== The task ==
Word for word, set down the listing that appears after this line.

== Material provided ==

.....

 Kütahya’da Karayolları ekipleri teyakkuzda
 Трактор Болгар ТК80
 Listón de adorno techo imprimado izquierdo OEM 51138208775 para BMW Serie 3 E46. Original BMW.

.....

== Response to the task ==
 Kütahya’da Karayolları ekipleri teyakkuzda
 Трактор Болгар ТК80
 Listón de adorno techo imprimado izquierdo OEM 51138208775 para BMW Serie 3 E46. Original BMW.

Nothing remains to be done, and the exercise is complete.